- What you will do: What you should give back is a precise copy of the lines below from the one containing "Volvo XC60 2022 Nhập khẩu Bản Đủ" through the one containing "46, Catania - foto 16", with no pictures.
─── Dataset records ───
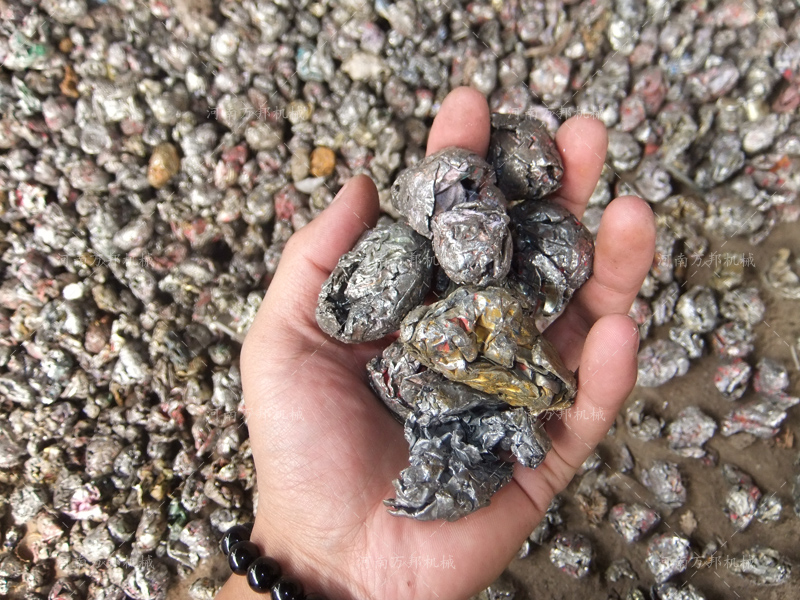 金屬搓球機(jī)效果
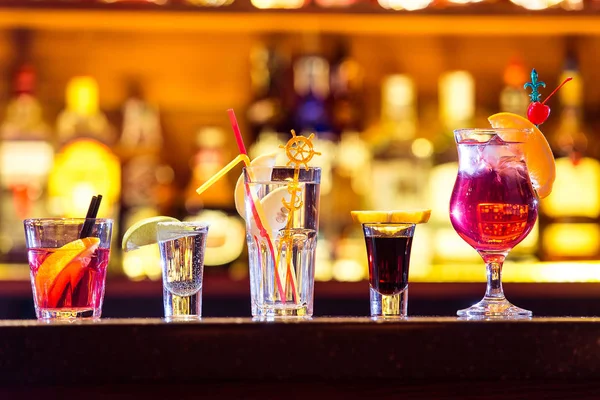 Set cocktails aan de bar — Stockfoto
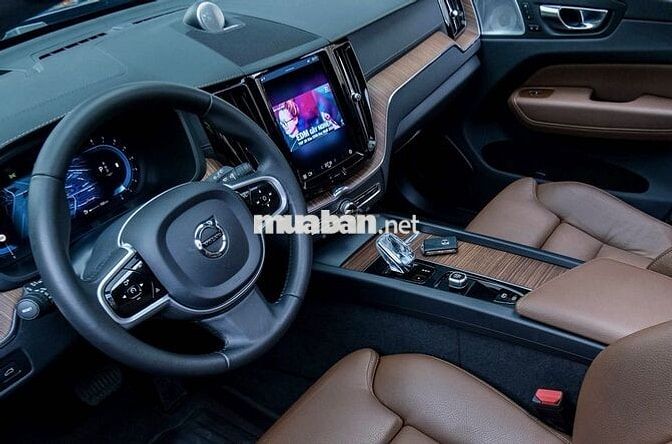 Volvo XC60 2022 Nhập khẩu Bản Đủ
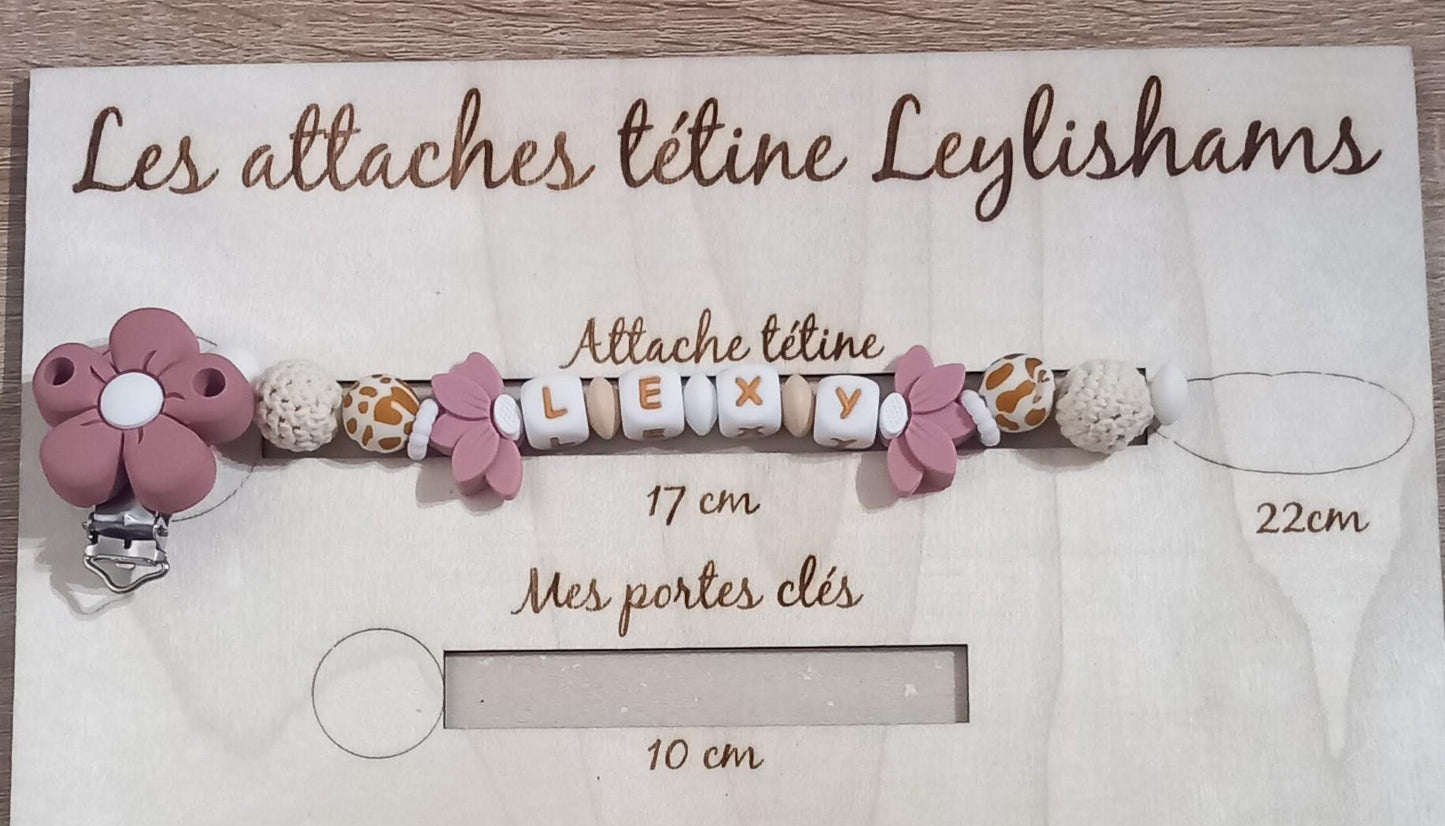 Attache tétine personnalisée. Modèle Lexy, thème fleur et jungle. Cadeau naissance, baby shower, jeunes parents. Création française.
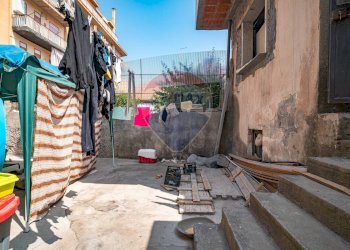 Edificio all\'aperto - Casa indipendente via donizzetti
 
46, Catania - foto 16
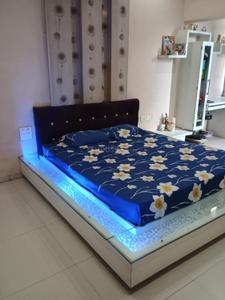 Bedroom Image of 950 Sq.ft 2 BHK Apartment / Flat for rent in Atur Banu Apartment, Camp Pune for Rs. 38000
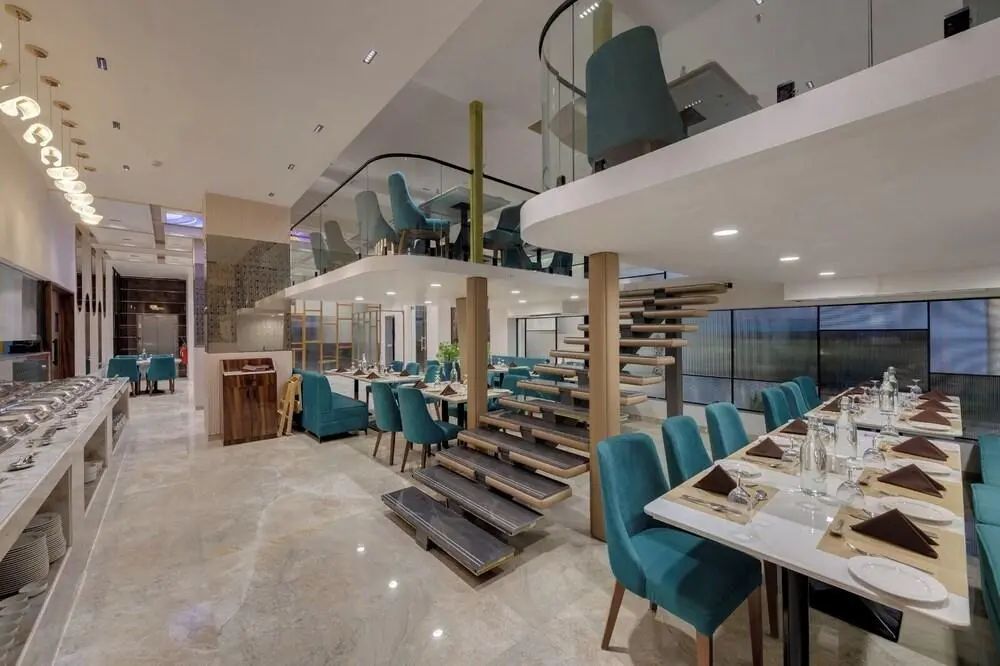 コンフォート・イン・サファイア・チャンドケデ - Restaurant - 2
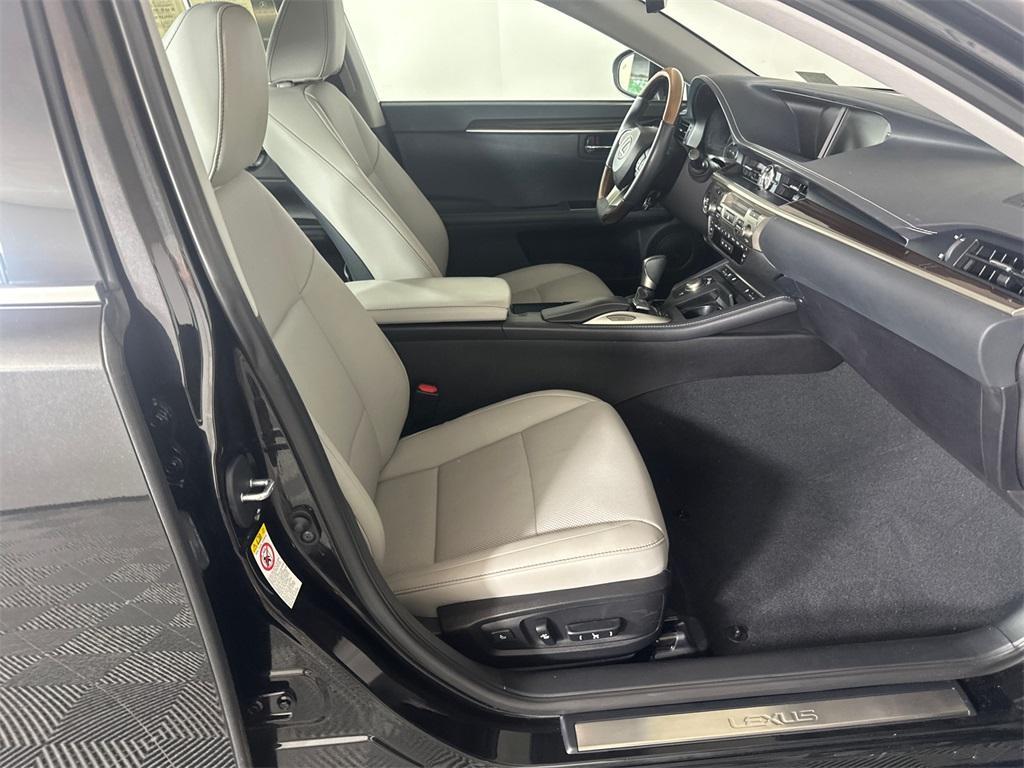 used 2018 Lexus ES 350 car, priced at $25,942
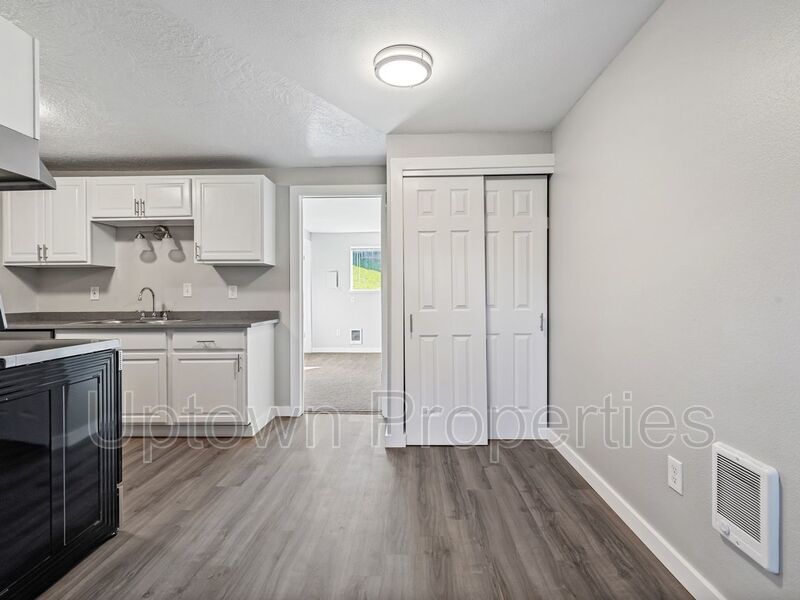 Remodeled 1 Bed Unit in St John's property image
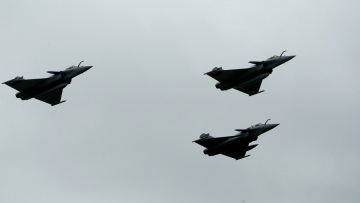 Ο Μακρόν στέλνει τρία μαχητικά Rafale για την προστασία του εναέριου χώρου της Πολωνίας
───
- Your solution:
 Volvo XC60 2022 Nhập khẩu Bản Đủ
 Attache tétine personnalisée. Modèle Lexy, thème fleur et jungle. Cadeau naissance, baby shower, jeunes parents. Création française.
 Edificio all\'aperto - Casa indipendente via donizzetti
 
46, Catania - foto 16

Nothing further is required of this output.